Idrissa Sow, who chairs the African Commission on Human and Peoples’ Rights’ working group on the issue, said the African Union is considering a draft protocol to the Charter on the Abolition of the Death Penalty, 26 nations have totally abolished the practice and 14 others are applying moratoria.
“Despite all efforts made, the death penalty continued to be pronounced on the African continent, with clear risks of judicial error,” he said, noting that more than half of all African nations still implement capital punishment. To address that, he underlined a need to develop partnerships with other national and international institutions to move towards universal abolition.
The Government of Malaysia is moving towards abolishing its mandatory death penalty, said the country’s Minister for Law and Institutional Reform, Azalina Othman Said.
“While the death penalty itself was not completely abolished, the abolition of the mandatory death penalty was a balance between what was right and wrong,” she said.
Mai Sato, Associate Professor at the Faculty of Law at Monash University in Australia, said that only two of the 79 countries implementing the death penalty adhere to international standards restricting the practice to the most serious crimes.
Yet, the remaining 77 countries failed to meet the “most serious” standard, she said, with 11 nations implementing the death penalty for capital offences that should not be criminalized at all, including adultery, “so-called religious offences”, and same-sex sexual acts.
Sarah Belal, who heads the non-governmental organization Justice Project Pakistan, noted that nearly 4,000 people are on “death row” there, relating to 30 current capital offences, saying that every country’s journey towards abolition or compliance with international standards is tethered to their own sociocultural context.
When Pakistan lifted its seven-year death penalty moratorium in 2014 following a devastating terrorist attack, 325 people on death row were executed in 2015, she said. However, years of strategic advocacy and increased engagement with international human rights law “raised the political cost of executions”, she said, noting that no executions have been conducted since 2019.
Following the panel presentations, speakers raised divergent views. Highlighting the lack of consensus on the issue, some delegates reiterated that there is no international law prohibiting capital punishment. Calling for respect of cultural particularities and religious beliefs of all, some delegates said all States have the right to determine their own legislation.
Many speakers voiced support for moves towards abolition. Some delegates said the death penalty should not be instrumentalized by any State to punish individuals participating in demonstrations and strike fear into the population.

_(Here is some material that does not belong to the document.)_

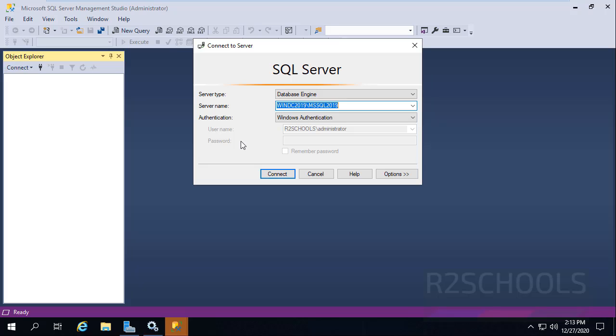We will create a database using two methods: one GUI mode and another CLI, which means command line interface. Connect to SQL Server.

“There is a clear international trend towards the abolition of the death penalty.” said José Santos Pais, a member of the UN Human Rights Committee, a body of independent experts that monitors State parties’ implementation of the International Covenant on Civil and Political Rights.
“States with different legal systems, traditions, cultures, and religious backgrounds, from all regions, have abolished the death penalty, established a moratorium on executions, or suspended executions for more than 10 years,” he added.
The UN rights chief reiterated that “until every nation abolishes the death penalty, the road to defending human dignity will never be fully complete.”
A record 125 nations had voted in favour in December of the General Assembly’s resolution, supporting a global call for a worldwide moratorium on the use of the death penalty with a view towards its ultimate abolition.
“That is a landmark, and sign of genuine advance,” Mr. Türk said. “If we maintain this momentum to eradicate this inhumane punishment once and for all, we can weave a thread of dignity back into the fabric of our societies.”